Science Alert's Superconductivity Has Been Discovered in Meteorites For The First Time quotes from Superconductivity found in meteorites (Wampler et al. PNAS March 23, 2020)
The paper describes the identification of grains within meteorites that have superconductivity transition temperatures as high as 6 Kelvin.
At the end of the discussion the paper explores possible astronomical implications of naturally occurring superconducting dust particles; "...superconducting particles could sustain microscopic current loops generated by transient fields and contribute to nearby magnetic fields."
That section is reproduced below.
- Are there any known phenomena that can produce "transient fields" that could induce such microscopic current loops that persist after the transient has passed? Would the transient have to be step function or could it be a pulse and return to baseline? Would it need to be electric or magnetic or could it be either?

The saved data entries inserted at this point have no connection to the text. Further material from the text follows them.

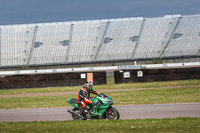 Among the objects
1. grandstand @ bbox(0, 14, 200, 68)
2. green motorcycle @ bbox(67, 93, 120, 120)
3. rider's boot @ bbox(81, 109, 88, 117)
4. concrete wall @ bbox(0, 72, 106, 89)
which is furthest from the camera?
grandstand @ bbox(0, 14, 200, 68)

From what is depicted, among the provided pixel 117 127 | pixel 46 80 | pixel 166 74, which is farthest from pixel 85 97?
pixel 46 80

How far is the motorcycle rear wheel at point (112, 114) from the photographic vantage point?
496 inches

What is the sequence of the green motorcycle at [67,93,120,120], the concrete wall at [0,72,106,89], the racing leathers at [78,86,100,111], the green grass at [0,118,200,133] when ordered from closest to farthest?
the green grass at [0,118,200,133]
the green motorcycle at [67,93,120,120]
the racing leathers at [78,86,100,111]
the concrete wall at [0,72,106,89]

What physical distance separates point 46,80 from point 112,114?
25.0 metres

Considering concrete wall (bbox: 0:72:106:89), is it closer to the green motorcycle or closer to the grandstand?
the green motorcycle

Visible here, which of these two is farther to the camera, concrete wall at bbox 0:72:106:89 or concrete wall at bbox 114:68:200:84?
concrete wall at bbox 0:72:106:89

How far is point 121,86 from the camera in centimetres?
3275

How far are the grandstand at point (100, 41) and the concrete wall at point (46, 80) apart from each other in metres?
27.8

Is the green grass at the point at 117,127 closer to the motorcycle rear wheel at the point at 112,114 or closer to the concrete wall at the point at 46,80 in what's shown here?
the motorcycle rear wheel at the point at 112,114

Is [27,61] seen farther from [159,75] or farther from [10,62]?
[159,75]

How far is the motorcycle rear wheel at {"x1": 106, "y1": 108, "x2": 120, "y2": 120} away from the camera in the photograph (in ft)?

- Have the implications of superconducting space dust been explored previously? (I'm supposing not since the authors haven't cited anything and would have probably done a thorough literature search)
While these nonchondritic meteorites do not carry a history of the interstellar medium (1), the fact that these phases can form naturally in macroscopic grains shows that there exists a natural process that can create these phases. This suggests the possibility that superconducting material phases could also be found in interstellar grains deep within the coldest regions of space, where these phases would be in a superconducting state. For example, cold, dense molecular clouds have typical temperatures as low as 10 K (29), but in regions with particularly low ultraviolet stellar radiation, temperatures are estimated to be as low as 5 K (30) or even colder (31). In unusual parts of space, temperatures can be even lower (32). The superconducting phases detected in these meteorites would be superconducting in these regions. Furthermore, other metallic alloys have been shown to have critical temperatures above 10 K (33, 34), which could exist naturally if they could be created in similar conditions to the phases detected in this manuscript.
Superconducting particles within cold regions of space could have implications on the structure of stellar objects. Specifically, superconducting particles could sustain microscopic current loops generated by transient fields and contribute to nearby magnetic fields. The origins of some magnetic fields, such as those observed in giant molecular clouds (35), are not well understood. Whether or not naturally superconducting phases would have any significant effect would depend on the critical temperature and quantity of such phases, and therefore deserves further study. There is an aggressive expansion of research and new missions to space, searching for new materials in extraterrestrial objects. This study suggests that the search for naturally occurring superconducting grains and their roles in astronomical objects should be a new component of such research.